Comme de nombreuses familles québécoises, nous avons ramassé nos sous cette année et nous nous sommes envolés vers la Floride et le merveilleux monde de Disney pendant la relâche scolaire.

Un midi, dans le très vaste parc thématique Animal Kingdom, nous étions tous assis autour d'une table dans un faux restaurant asiatique. Ma conjointe et moi avions indiqué nos choix au menu à la jeune serveuse, de même que ceux de nos deux plus jeunes enfants (6 et 8 ans).

Puis, ma grande de 12 ans s'est exclamée d'elle-même: «I would like to have the vegetable stir fry, please!». À ma surprise s'est mêlé un sentiment de fierté de la voir se débrouiller si bien par elle-même en anglais.

L'an dernier, en 6e année, ma grande fille a suivi le programme d'enseignement intensif de l'anglais. Environ la moitié de l'année scolaire est consacrée à l'apprentissage de l'anglais, puis les jeunes complètent leur apprentissage normal jusqu'en juin. C'est un choix que sa mère et moi avons fait, car nous croyons qu'il est important de bien outiller nos jeunes et de leur donner toutes les chances de bien réussir dans leur vie adulte.

Ce choix s'est fait avec l'accord de notre fille, pour qui cela allait demander des efforts supplémentaires: plus de travaux, de devoirs, et une vie scolaire in english de la rentrée jusqu'après les Fêtes! Un an et un stir fry plus tard, nous ne regrettons pas notre choix!

Paradoxalement, je trouve que le gouvernement actuel a bien agi en maintenant facultatif l'apprentissage de l'anglais intensif en 6e année. Pas que je partage les craintes de ceux qui voient dans l'apprentissage de l'anglais une menace pour la santé du français de nos jeunes. L'avantage réside plutôt dans ce choix que chaque parent peut faire pour ses enfants. J'y vois un élément de liberté individuelle plutôt que de contrainte. Un élément de responsabilisation des parents dans l'éducation de leurs enfants.

Je suis un peu exaspéré par les brandisseurs d'épouvantails et de grandes catastrophes linguistiques. On ne donne pas assez de crédit aux jeunes. Ils sont intelligents, curieux et capables d'en apprendre plus qu'on pense. Apprendre l'anglais a-t-il mis ma fille en retard par rapport aux autres matières? Le cerveau d'un enfant est-il réduit à un espace fini où ne peuvent coexister plusieurs espaces d'apprentissage? Pas vraiment, car elle débute actuellement un programme enrichi au secondaire.

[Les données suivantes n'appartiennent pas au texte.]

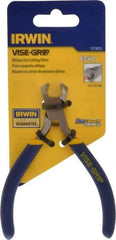 Irwin - 4-1/2" OAL, 18 AWG Capacity, Semi-Flush End Cutting Pliers - 13/16" Jaw Length x 9/16" Jaw Width, Dipped Vinyl Handle - Eagle Tool & Supply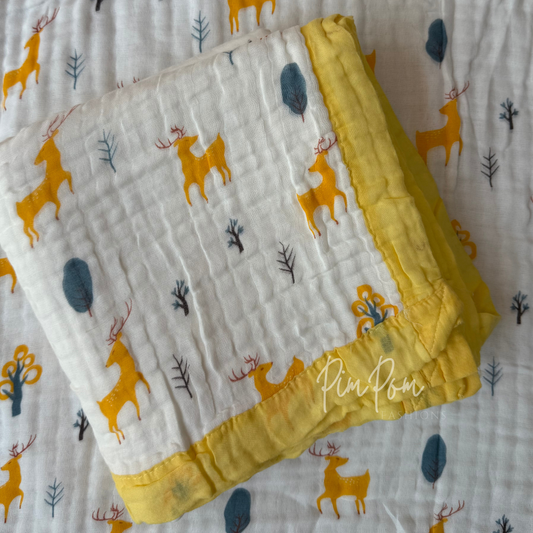 Muslin Blanket 6 Layer - Yellow Deers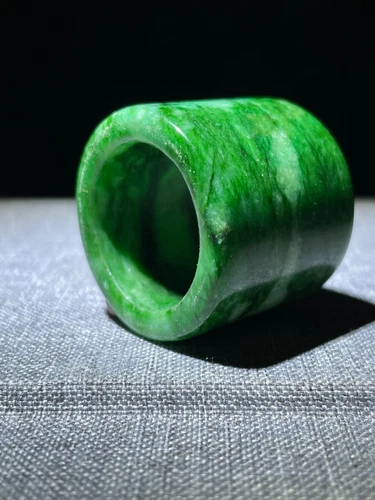 China collect natural old Green jade Ring Thumb ring natural Jade Ring 20-22MM - Picture 2 of 5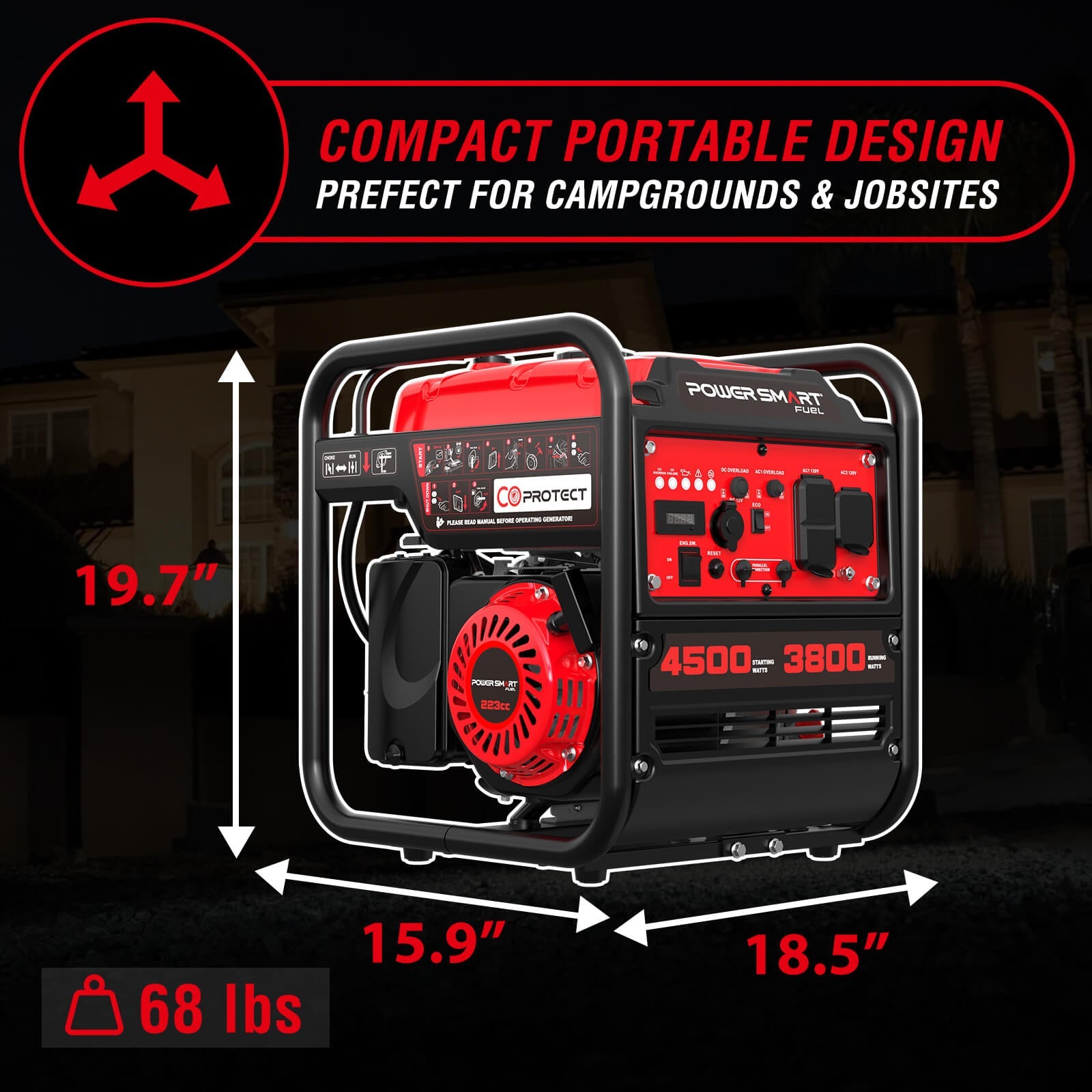 The PowerSmart 3800W portable generator in red and black measures 19.7" H x 15.9" D x 18.5" W and weighs just 68 lbs. Its compact, portable design is ideal for campgrounds and jobsites, delivering reliable power wherever it's needed.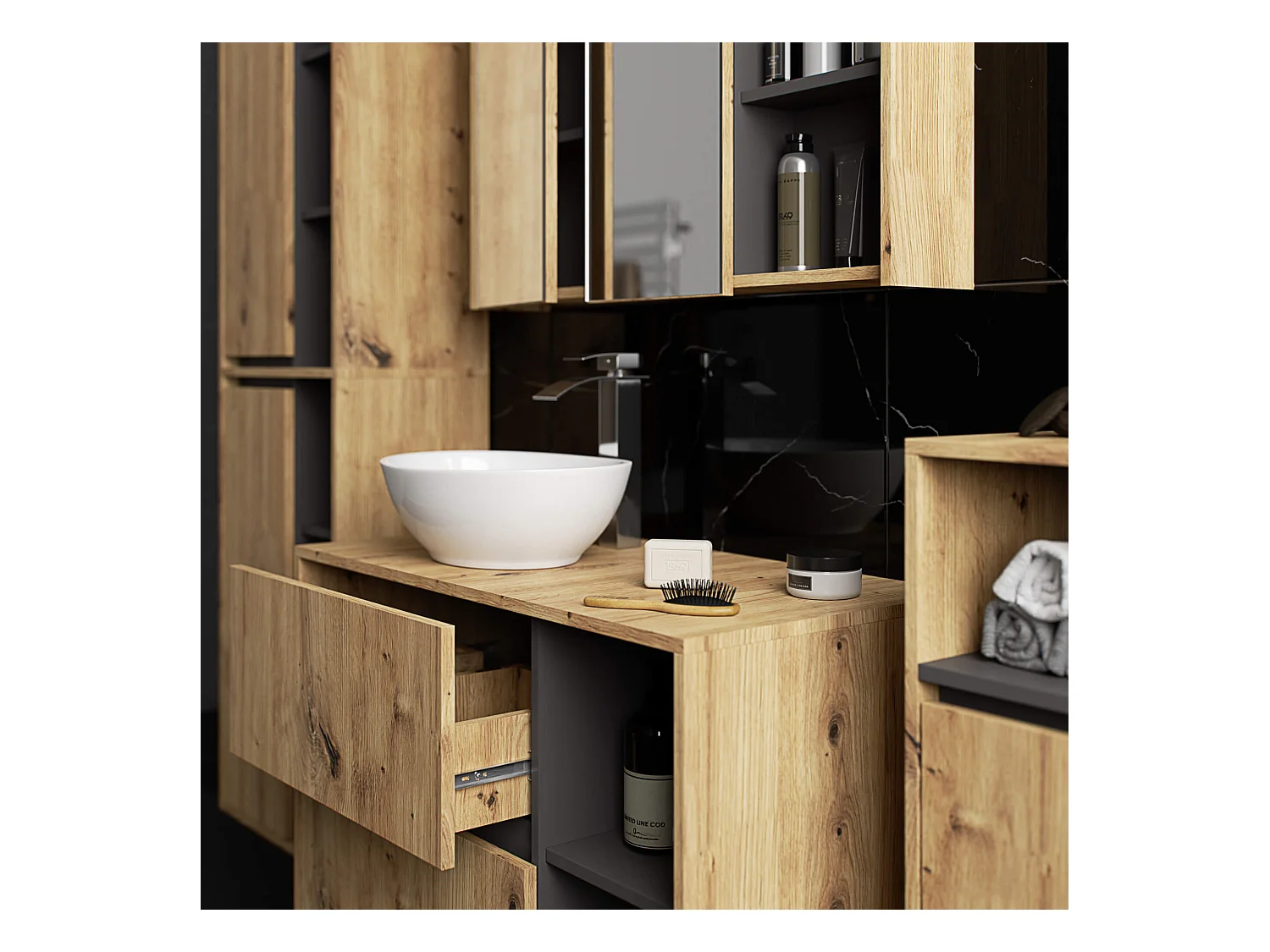 Bad-Hochschrank hängend VAMI Artisan Eiche, Graphitgrau 50 cm 2 Türen 10 Regalböden B50xH170xT30 cm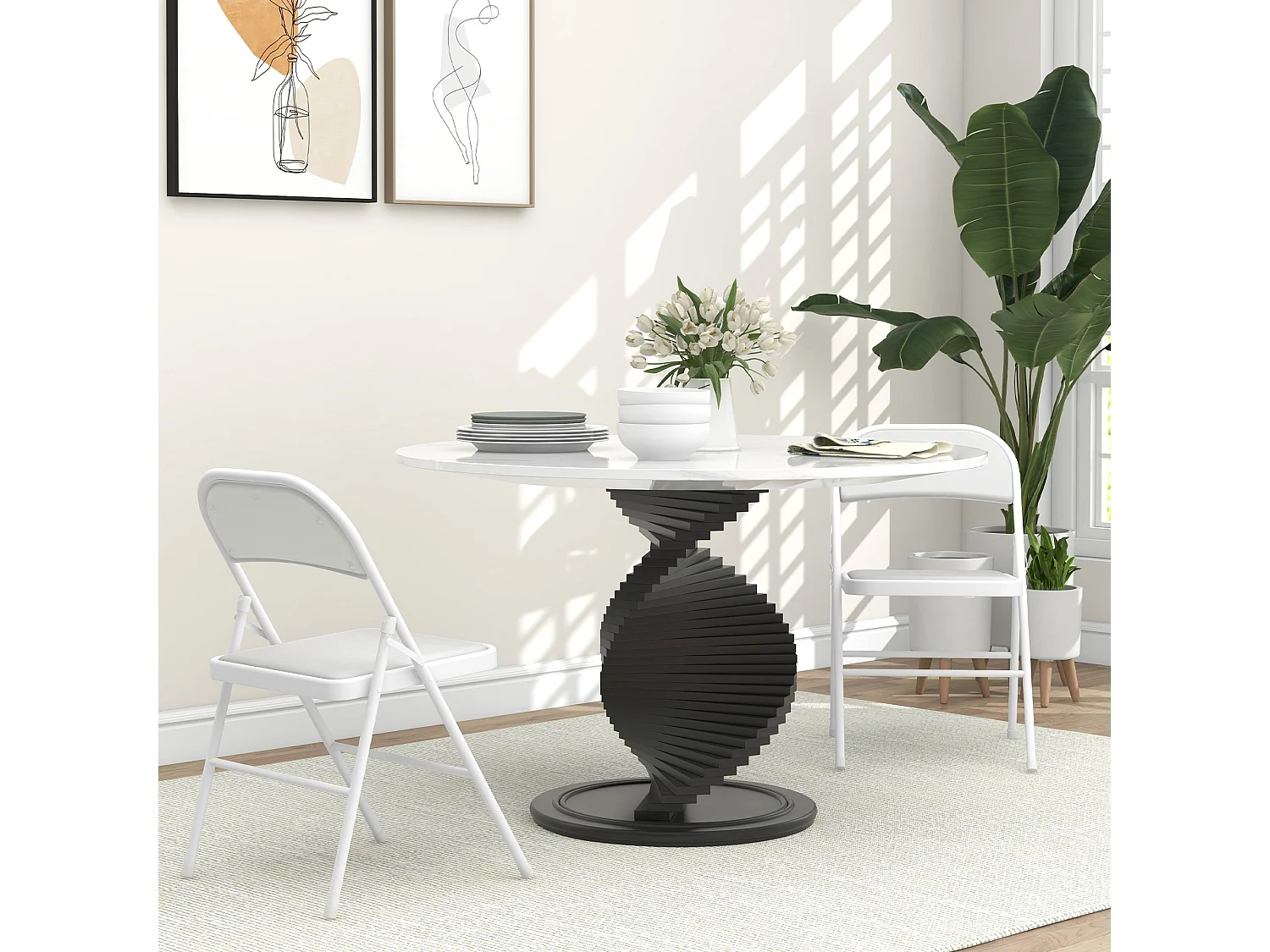 Lofano Set of 2 White Cushioned Folding Chairs Metal Frame Padded Seat and Back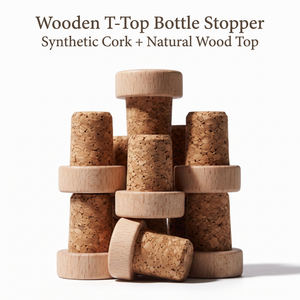 Tapón de Corcho Sintético con Base Redonda de Madera WeWood de Vietnam, Tapón de Madera Lisa para Botellas de Vino, Licores y Bebidas Espirituosas - Product Image 1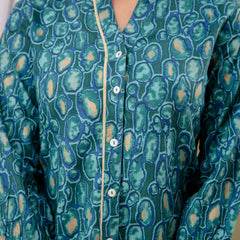 Blue Floral Print Mandarin Collar Shirt Style Top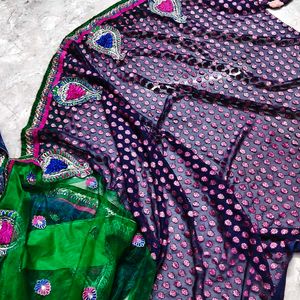 Elegant Navy Blue Saree with Pink Motifs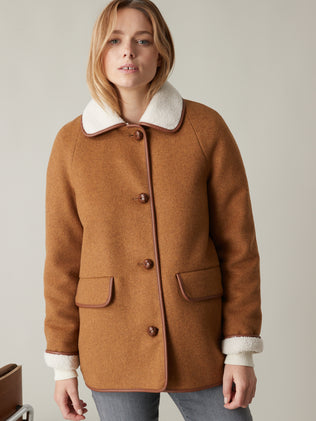 Women's woollen coat with Sherpa lining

Pourtant, c'est une jeune adolescente bien normale, pas une surdouée au QI hypertrophié. Aurait-elle pu plutôt cheminer sur la voie d'un «français intensif», comme certains le suggèrent? Sûrement. Elle aurait pu découvrir encore plus la richesse de sa langue, apprendre par exemple les racines latines des mots qu'elle utilise. Encore ici, c'est une question de choix. Elle aura elle-même la liberté d'approfondir ses connaissances en la matière si le goût lui en dit dans quelques années. Et en attendant, comme parent, je peux m'efforcer de l'encourager à aimer sa langue maternelle et à mieux la connaître.

Je n'ai donc pas vu l'anglais intensif comme une menace pour la francité de ma fille, mais au contraire comme une opportunité d'en faire une meilleure francophone. Une qui est capable de s'épanouir dans un monde où la communication se fait la plupart du temps en anglais. Une qui est surtout mieux outillée pour aller au-devant de l'autre, celui qui semble faire si peur à tant de Québécois épris de la langue française. C'est pourtant à travers l'autre que nous pouvons mieux nous définir, mieux apprécier la valeur de notre identité culturelle.

Pour ma fille, cela a commencé avec une serveuse dans un resto pseudo-asiatique à Disney. Je ne l'ai jamais aussi sentie Québécoise qu'à ce moment!